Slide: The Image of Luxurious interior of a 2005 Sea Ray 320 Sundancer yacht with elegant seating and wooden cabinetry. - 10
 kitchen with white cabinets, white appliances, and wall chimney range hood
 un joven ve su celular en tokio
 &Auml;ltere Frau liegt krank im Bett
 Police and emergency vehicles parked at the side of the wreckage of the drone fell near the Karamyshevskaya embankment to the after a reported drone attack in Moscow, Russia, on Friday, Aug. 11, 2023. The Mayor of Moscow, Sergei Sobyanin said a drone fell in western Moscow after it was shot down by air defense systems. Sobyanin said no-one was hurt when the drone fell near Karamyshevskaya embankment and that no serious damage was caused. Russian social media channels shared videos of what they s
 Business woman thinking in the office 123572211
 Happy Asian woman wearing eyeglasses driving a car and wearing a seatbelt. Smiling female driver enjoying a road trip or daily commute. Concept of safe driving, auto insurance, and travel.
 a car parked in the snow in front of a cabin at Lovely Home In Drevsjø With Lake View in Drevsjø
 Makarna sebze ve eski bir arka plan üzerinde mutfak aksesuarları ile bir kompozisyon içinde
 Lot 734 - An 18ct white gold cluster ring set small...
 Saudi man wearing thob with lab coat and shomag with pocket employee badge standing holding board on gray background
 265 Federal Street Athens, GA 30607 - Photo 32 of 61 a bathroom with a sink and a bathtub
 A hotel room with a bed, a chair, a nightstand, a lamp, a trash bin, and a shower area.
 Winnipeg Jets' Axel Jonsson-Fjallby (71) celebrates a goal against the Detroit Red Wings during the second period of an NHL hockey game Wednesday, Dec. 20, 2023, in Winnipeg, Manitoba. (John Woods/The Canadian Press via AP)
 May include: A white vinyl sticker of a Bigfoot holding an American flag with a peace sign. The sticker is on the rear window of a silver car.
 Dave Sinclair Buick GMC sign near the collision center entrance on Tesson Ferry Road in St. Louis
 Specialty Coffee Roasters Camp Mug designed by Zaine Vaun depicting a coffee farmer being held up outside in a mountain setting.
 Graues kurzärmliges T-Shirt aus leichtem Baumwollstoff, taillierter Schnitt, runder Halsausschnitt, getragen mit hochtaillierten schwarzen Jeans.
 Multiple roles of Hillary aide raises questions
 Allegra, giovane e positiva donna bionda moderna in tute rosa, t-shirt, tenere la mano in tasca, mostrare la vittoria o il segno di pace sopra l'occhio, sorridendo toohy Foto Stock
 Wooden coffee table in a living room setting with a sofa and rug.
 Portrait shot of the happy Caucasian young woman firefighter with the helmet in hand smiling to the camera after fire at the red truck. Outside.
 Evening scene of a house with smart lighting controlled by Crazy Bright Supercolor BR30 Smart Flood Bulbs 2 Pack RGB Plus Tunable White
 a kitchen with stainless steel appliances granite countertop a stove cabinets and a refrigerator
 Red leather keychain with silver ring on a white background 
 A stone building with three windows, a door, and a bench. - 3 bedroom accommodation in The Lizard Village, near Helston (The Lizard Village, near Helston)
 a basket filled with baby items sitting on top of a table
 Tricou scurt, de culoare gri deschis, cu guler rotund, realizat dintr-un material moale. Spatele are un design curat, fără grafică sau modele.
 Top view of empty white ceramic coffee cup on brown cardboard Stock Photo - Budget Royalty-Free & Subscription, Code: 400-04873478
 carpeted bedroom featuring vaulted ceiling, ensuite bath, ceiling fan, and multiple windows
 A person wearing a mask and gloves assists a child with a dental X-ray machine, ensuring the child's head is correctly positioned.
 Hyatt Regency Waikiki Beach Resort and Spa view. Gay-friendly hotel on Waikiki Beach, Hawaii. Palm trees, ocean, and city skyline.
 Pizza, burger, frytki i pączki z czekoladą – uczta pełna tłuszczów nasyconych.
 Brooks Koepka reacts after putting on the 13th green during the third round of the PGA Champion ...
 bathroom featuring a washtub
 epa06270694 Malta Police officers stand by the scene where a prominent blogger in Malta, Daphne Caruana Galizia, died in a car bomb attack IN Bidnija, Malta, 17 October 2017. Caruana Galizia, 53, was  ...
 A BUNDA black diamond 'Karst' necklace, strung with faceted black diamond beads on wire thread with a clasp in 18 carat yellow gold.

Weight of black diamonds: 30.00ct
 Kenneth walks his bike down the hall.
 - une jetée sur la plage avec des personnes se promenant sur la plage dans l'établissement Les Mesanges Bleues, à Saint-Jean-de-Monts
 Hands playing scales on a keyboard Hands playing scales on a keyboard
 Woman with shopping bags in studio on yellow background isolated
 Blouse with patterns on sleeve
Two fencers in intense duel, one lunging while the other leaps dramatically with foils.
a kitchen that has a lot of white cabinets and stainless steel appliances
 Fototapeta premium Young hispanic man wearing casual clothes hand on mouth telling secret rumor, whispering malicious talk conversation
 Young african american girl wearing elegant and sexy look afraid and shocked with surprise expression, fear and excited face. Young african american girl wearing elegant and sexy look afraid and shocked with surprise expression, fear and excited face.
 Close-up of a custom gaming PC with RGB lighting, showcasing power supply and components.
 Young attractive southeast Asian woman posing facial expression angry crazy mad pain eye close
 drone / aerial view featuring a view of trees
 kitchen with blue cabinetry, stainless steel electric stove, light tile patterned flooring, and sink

▶ **INSTRUCTIONS FOR THE TASK**: Since only part of the listing is wanted, copy exactly the lines from the one holding "Allegra, giovane e" to the one holding "Portrait shot of", both included.

▶ **OUTPUT FOR THIS EXERCISE**:
 Allegra, giovane e positiva donna bionda moderna in tute rosa, t-shirt, tenere la mano in tasca, mostrare la vittoria o il segno di pace sopra l'occhio, sorridendo toohy Foto Stock
 Wooden coffee table in a living room setting with a sofa and rug.
 Portrait shot of the happy Caucasian young woman firefighter with the helmet in hand smiling to the camera after fire at the red truck. Outside.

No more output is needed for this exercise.